2. Help her to compose her thoughts. Ask questions if you need to. Our journal is good for this because it begins each page with a prompt or question. Talk through the question and help her to organize her thoughts into a few big ideas (what would be the paragraphs if she were writing it out herself). I will say that some of the prompts in My Mom and Me are too abstract for Grace, but she’ll definitely grow into them in the years to come.
3. Allow her to dictate to you. Do the writing for her. It is so important for her to learn to put her thoughts into sentences and her sentences into paragraphs and her paragraphs into essays, and if the physical act of writing is a problem for her, then take it out of the equation.
Most important, write exactly what she tells you. Don’t clean up the construction. Don’t add words or delete words. Leave her run-on sentences alone, same with sentence fragments. Just write her thoughts.
As I mentioned above (extensively), you still have to work on the act of handwriting and the mechanics of writing sentences and such. But those two skills are entirely different from composing thoughts and writing, and you shouldn’t let the former limit the latter.
4. Ask questions. Ask a lot of open-ended, probing questions. What happened next? Then what? Where else? What else? The purpose of asking questions is to elicit more details for the story. Struggling writers often have trouble getting beyond the bare bones basics of the story. Asking questions prompts them to add more.
5. Compliment her. When you’re having a hard time with something, you want to hear that you’ve done a good job. Right? Find something in the composition to compliment her on. Find something that she’s done well, and tell her.
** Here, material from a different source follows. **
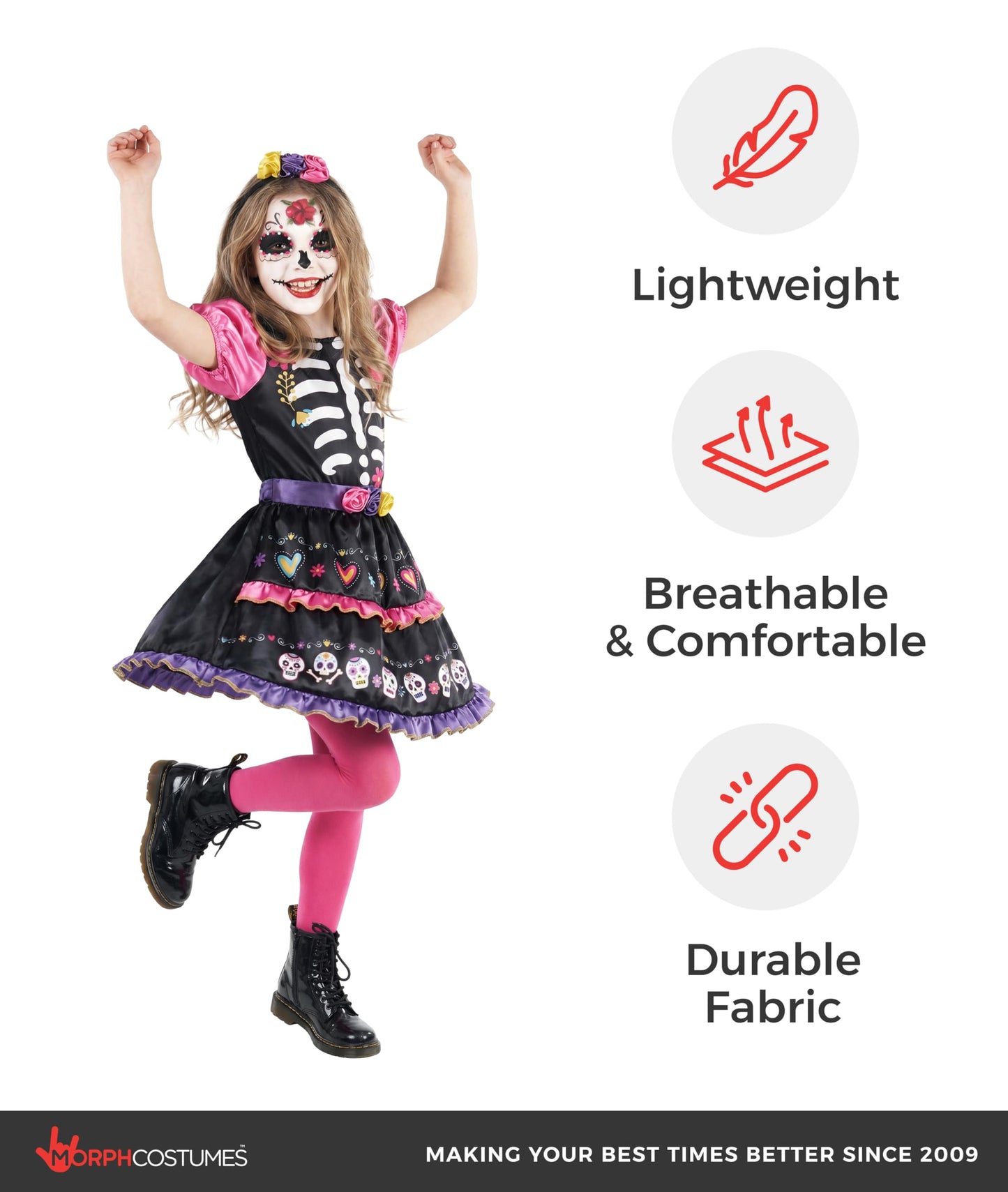 Morph Day Of The Dead Costume For Girls - Sugar Skull Dress Up Outfit For Kids - Halloween Costume Accessory, 7-9 Years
6. If you think she’s ready for it, have her copy part of the composition. Start small, just a few sentences at first. Help her pay attention to the correct spelling, mechanics, and formatting of what you have written. Copywork is really good for learning to write better.
7. The next step, after she’s comfortable copying what you’ve written and is gaining confidence in her own writing, is to create a word bank for her to use in her own writing. When she can refer to a list of words or phrases, she’ll feel better equipped to write her own sentences.
How do you encourage your struggling writers?